Short text fragments from websites
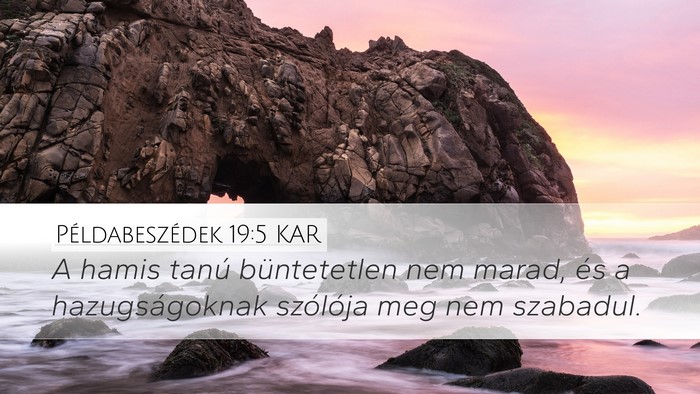 Példabeszédek 19:5 KAR Desktop Wallpaper - A hamis tanú büntetetlen nem marad, és a - Desktop Bible Verse Wallpaper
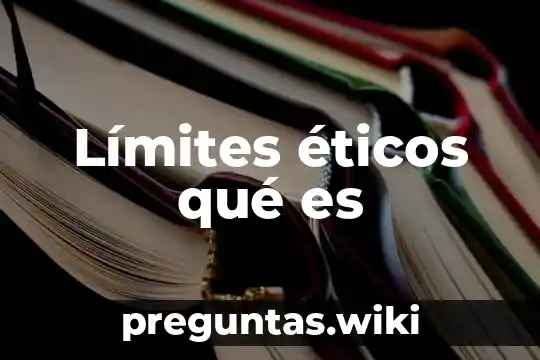 Límites éticos qué es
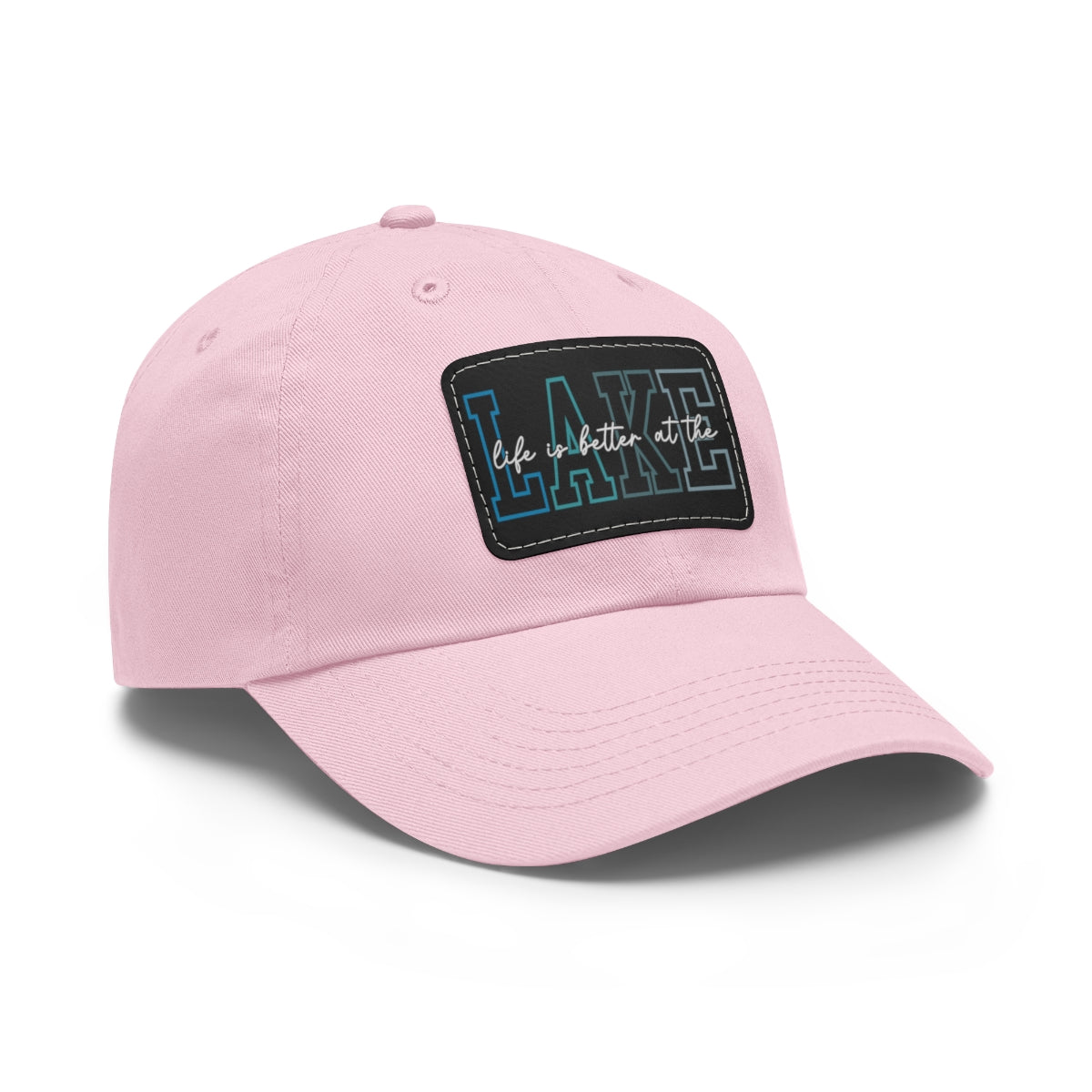 Life is Better at the Lake Dad Hat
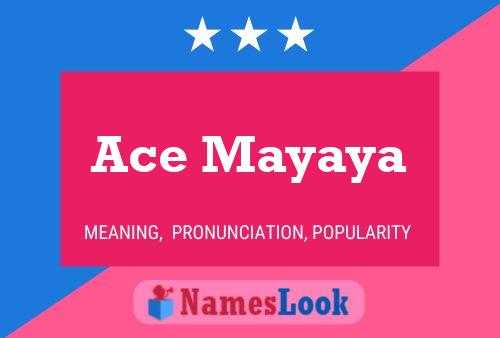 Ace Mayaya Name Poster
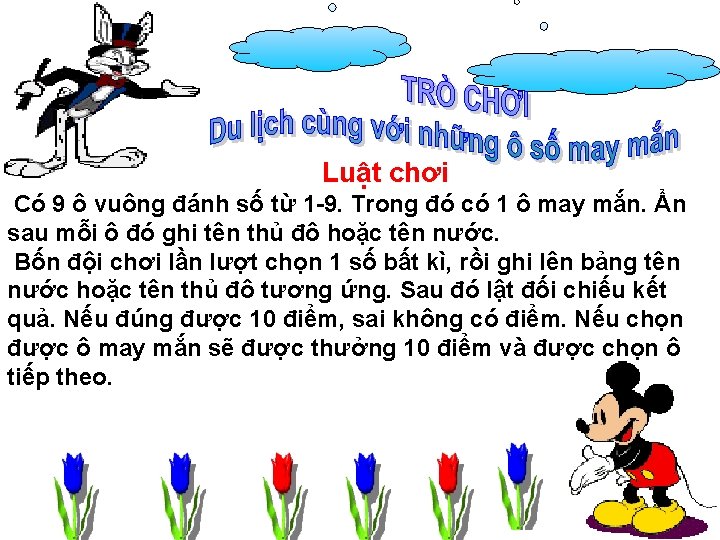 Luật chơi Có 9 ô vuông đánh số từ 1 -9. Trong đó có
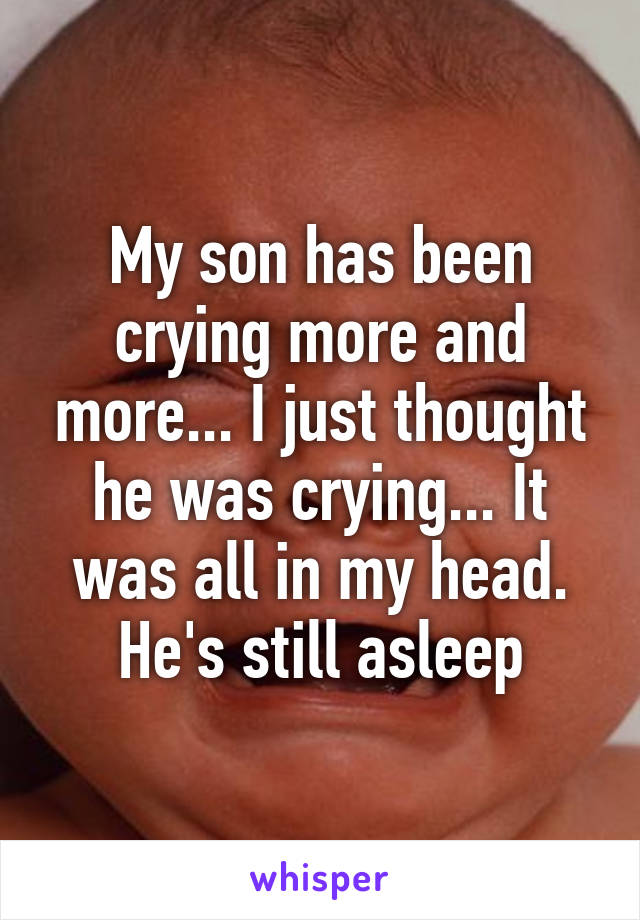 My son has been crying more and more... I just thought he was crying... It was all in my head. He's still asleep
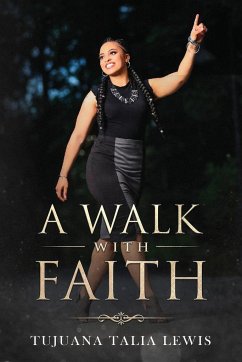 A Walk With Faith - Lewis, Tujuana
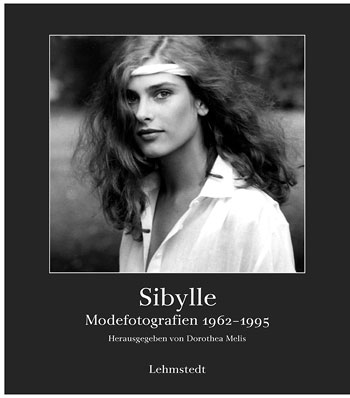 Titel: Sibylle. Modefotografie 1962-1994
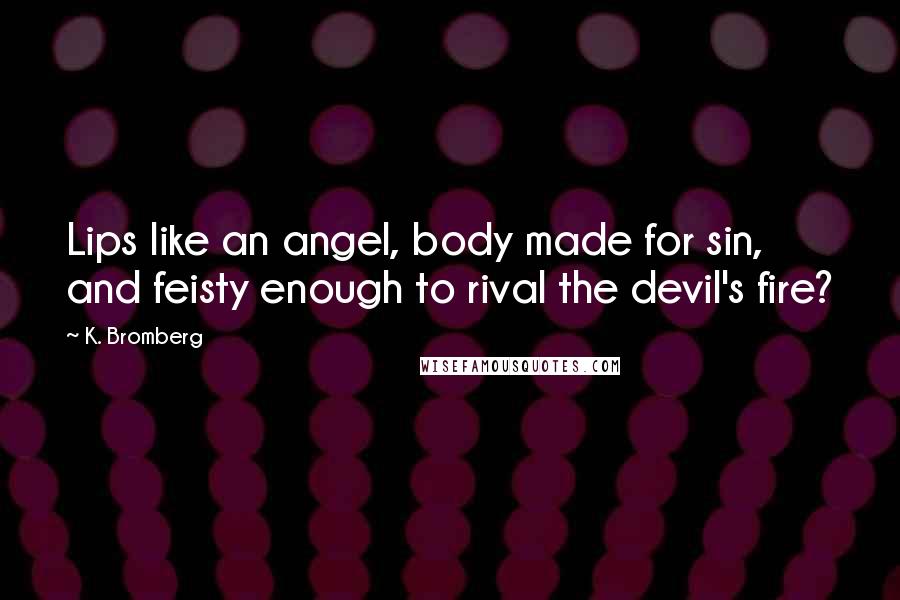 K. Bromberg Quotes: Lips like an angel, body made for sin, and feisty enough to rival the devil's fire?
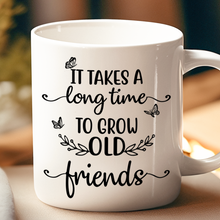 Takes Long Time Grow Old Friends - Customized Personalized Mug - Bestie Gift For Best Friend Sister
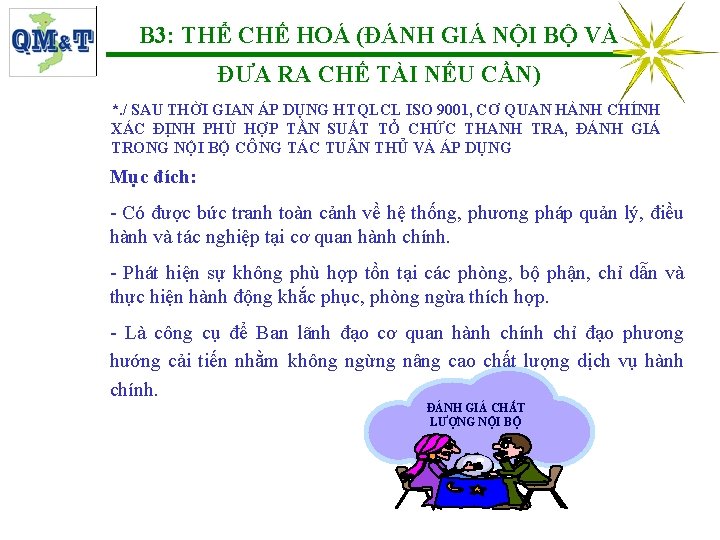 B 3: THỂ CHẾ HOÁ (ĐÁNH GIÁ NỘI BỘ VÀ ĐƯA RA CHẾ TÀI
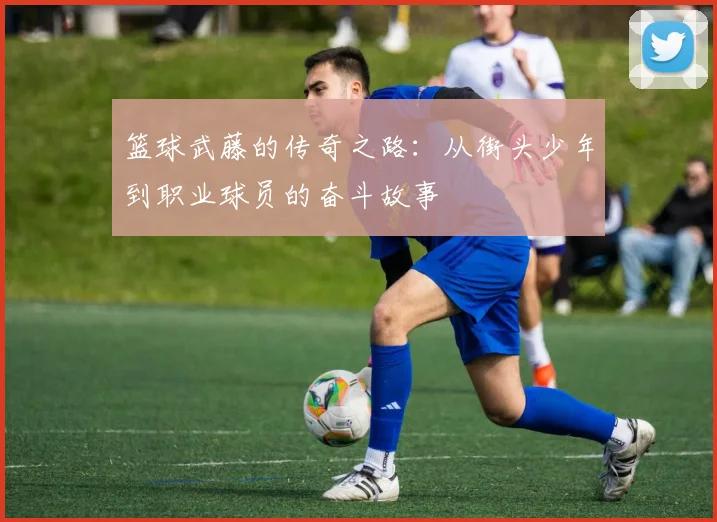 篮球武藤的传奇之路：从街头少年到职业球员的奋斗故事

Problem requirements
Starting at the line that contains "K. Bromberg Quotes: Lips", write out every line through the end of the entries above exactly, and omit the pictures.

Solution to the problem
 K. Bromberg Quotes: Lips like an angel, body made for sin, and feisty enough to rival the devil's fire?
 Takes Long Time Grow Old Friends - Customized Personalized Mug - Bestie Gift For Best Friend Sister
 B 3: THỂ CHẾ HOÁ (ĐÁNH GIÁ NỘI BỘ VÀ ĐƯA RA CHẾ TÀI
 篮球武藤的传奇之路：从街头少年到职业球员的奋斗故事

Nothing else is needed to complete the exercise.